Just used wardrobe rail from wickes, rail brackets, and a 90 degree elbow from wickes.
Looks like this


----------



## tim (27 Jul 2013)

Had to take this down to make way for another project, it's new home is an old fluval spec with the filter chamber removed sat on my old fluval edge stand for lighting may need a heat mat if I want to keep it going longer term the LEDs don't seem to create as much heat.

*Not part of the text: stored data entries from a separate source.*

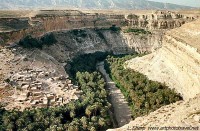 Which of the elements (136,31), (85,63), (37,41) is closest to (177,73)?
(85,63)

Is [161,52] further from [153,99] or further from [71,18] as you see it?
[71,18]

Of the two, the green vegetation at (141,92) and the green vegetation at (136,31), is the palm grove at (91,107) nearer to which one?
the green vegetation at (141,92)

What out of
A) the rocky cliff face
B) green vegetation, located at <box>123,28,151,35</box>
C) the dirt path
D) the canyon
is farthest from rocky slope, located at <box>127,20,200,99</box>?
green vegetation, located at <box>123,28,151,35</box>

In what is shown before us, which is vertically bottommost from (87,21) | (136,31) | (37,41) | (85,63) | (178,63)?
(85,63)

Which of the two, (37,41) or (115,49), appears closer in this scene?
(37,41)

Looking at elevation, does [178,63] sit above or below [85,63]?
above

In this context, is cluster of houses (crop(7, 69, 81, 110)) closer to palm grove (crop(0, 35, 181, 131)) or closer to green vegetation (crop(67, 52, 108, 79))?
palm grove (crop(0, 35, 181, 131))

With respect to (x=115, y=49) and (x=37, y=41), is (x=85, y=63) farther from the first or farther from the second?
(x=115, y=49)

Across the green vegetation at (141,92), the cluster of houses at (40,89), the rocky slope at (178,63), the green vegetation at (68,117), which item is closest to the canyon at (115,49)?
the rocky slope at (178,63) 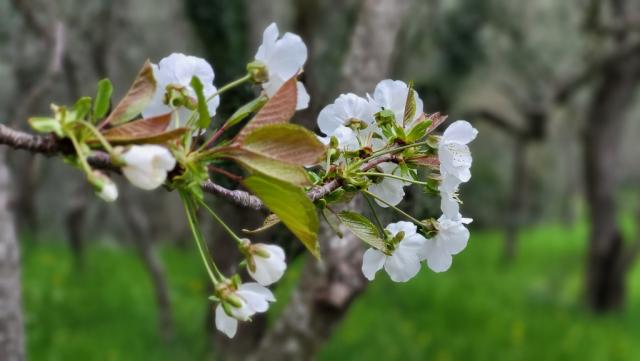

Added a little bolbitus and a fern I found growing out of a derelict pub where the gutter was leaking so I assume it likes its feet wet so to speak


----------



## sa80mark (27 Jul 2013)

Very nice mate, is that anubias I see ? Wanting to have anubias in my wabi but read mixed storys of success with it, have you got the roots submerged ?


----------



## tim (27 Jul 2013)

Hi mark, yes there's anubias in there it did ok in the other tank with its roots in the water I kept it covered though so must have been the humidity, it may struggle now under the LEDs ill keep you posted.


----------



## tim (6 Aug 2013)

Not a great shot  



Everything seems to be settling into its new home, apart from the fern and bolbitus may come up with something else for the left just kept covered haven't opened or sprayed since it moved, lights on for 14 hours a day.


----------



## Gill (7 Aug 2013)

Really Loving this little wabi


----------



## Greenfinger2 (22 Sep 2013)

Hello tim, Love your Wabi-Kusa I love Growing  W-K too  They look good plus you learn so much about growing plants at the same time  Regards Roy


----------



## tim (22 Sep 2013)

Hi Roy, thanks  it was a nice little experiment with the emersed growing, taken the tank down for the winter now but I am planning a larger wabi for next spring.


----------



## Greenfinger2 (22 Sep 2013)

Hi tim, Ho well its that time of year now  There's always next year Lots to think about and lots to read up on Looking forward to seeing your next W-K Experiment  Regards Roy


----------